ESTHER DWECK – Em primeiro lugar, para 2023 existe já um orçamento definido, que é R$ 11,2 bilhões, e esse valor será utilizado. É o que está no Orçamento e está mantido.
Tem dois valores lá, os R$ 11,2 bilhões é o que pode ser gasto neste ano. E pode ter um valor anualizado de até R$ 16 bilhões -ou seja, o impacto que ele gera para o ano seguinte.
P – Esse impacto máximo de R$ 16 bilhões dá um reajuste de quanto?
ED – Dá em torno de 9%.
P – Seria com um reajuste linear para todas as carreiras do Executivo?
ED – Seria para todas as carreiras do Executivo. Até a entrega do Orçamento de 2024, a gente está pensando em fazer uma discussão mais ampla para os próximos anos. Ainda não tem uma diretriz clara, se será só para 2024, se será plurianual. Estamos mais focados na emergência de 2023. Depois, precisa definir a nova regra [fiscal], definir qual vai ser o espaço fiscal que existirá para isso.
P – Carreiras da base do funcionalismo estão com o salário congelado desde 2017, enquanto carreiras de Estado tiveram o último reajuste em 2019. Pode haver alguma diferenciação para compensar?
ED – Estamos avaliando. É mais possível que a gente faça alguma coisa mais linear em 2023. Uma questão importante que a gente está avaliando para 2023 é o reajuste de benefícios, principalmente alimentação, porque há uma defasagem gigantesca entre o Executivo e os demais Poderes [o valor do auxílio do Executivo é R$ 458 mensais, enquanto o do Judiciário foi reajustado neste ano para R$ 1.182,74]. Isso é um valor que acaba beneficiando mais as carreiras baixas. Ainda não tem uma decisão, mas talvez fosse uma maneira de compensar os salários mais baixos.
P – Até quando se prevê mandar um projeto de lei? Tem possibilidade de ser feito por medida provisória?
ED – Existe a possibilidade, aconteceu em outros anos, e a gente está avaliando para poder acelerar o impacto [para os servidores]. Mas isso é uma decisão da Casa Civil com o presidente da República.

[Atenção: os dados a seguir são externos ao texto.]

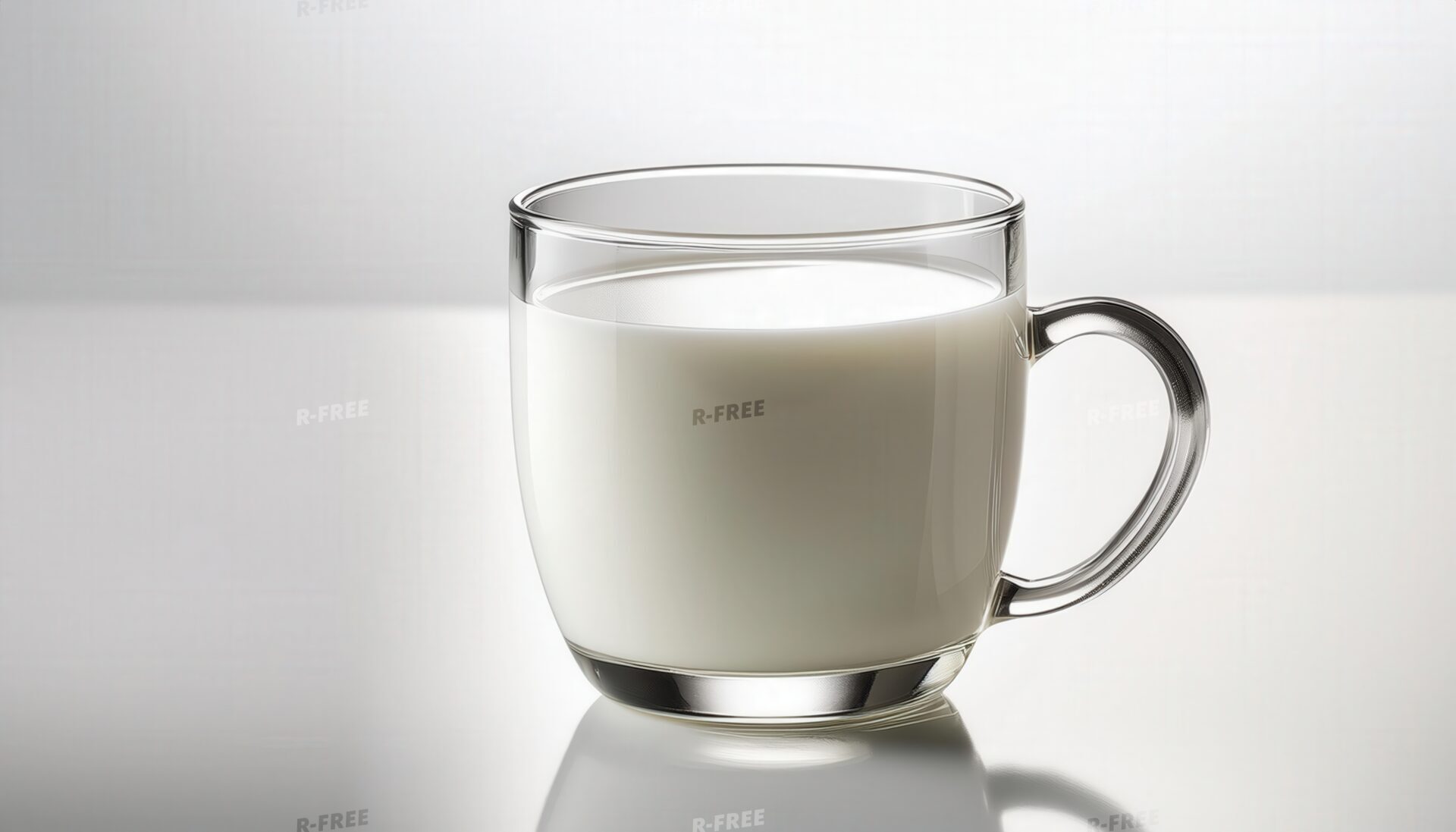 取っ手付きの透明カップに注がれた牛乳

Se a gente está com um bom relacionamento com o Congresso, um projeto de lei também pode ser aprovado de forma célere.
P – Tem uma data como objetivo?
ED – A gente queria tentar fechar essa proposta até o final de fevereiro, início de março. Vamos ver se a oferta para os servidores vai ser aceita.

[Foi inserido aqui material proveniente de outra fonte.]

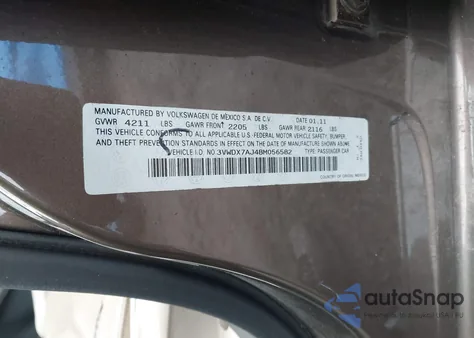 2011 Volkswagen Jetta 2.5L Se z USA, uszkodzony, nr VIN 3VWDX7AJ4BM056582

P – O reajuste de 9% seria o máximo possível neste ano?
ED – Vai depender do mês [de aplicação]. Se for desde março, acho que não dá. Teria que ser um pouco mais para frente, para dar os 9% [de reajuste] dentro dos R$ 11,2 bilhões [previstos para 2023]. Não tenho certeza absoluta, acho que seria abril, mas de novo, é [preciso] uma avaliação, se só [contempla servidor] civil ou não.
P – Então em fevereiro e março seria concluir o acordo e anunciar.
ED – Isso, exatamente. E, eventualmente, definir: vai ser projeto de lei, vai ser medida provisória para acelerar a aplicação. Para começar a valer em março ou em abril.
P – Parte dos servidores tem uma demanda bem forte em termos percentuais pela falta de reajuste nos últimos anos [a defasagem para algumas carreiras é de 35%]. É possível repor tudo isso ou parte vai ficar para trás?
ED – É muito difícil repor todo o passivo. É mais um dos passivos que ficaram do governo anterior. Os servidores merecem algum reajuste, mas dificilmente será para compensar toda essa perda. Estamos olhando mais para frente e pensando em fazer uma coisa que seja combinada com a necessidade de contratação. Não adianta forçar, repor todo o salário, e não conseguir contratar ninguém. As carreiras estão defasadas. A partir de 2017, o saldo [de contratações] passa a ser negativo todos os anos. Isso comprometeu muitas áreas, então é mais importante olhar o todo.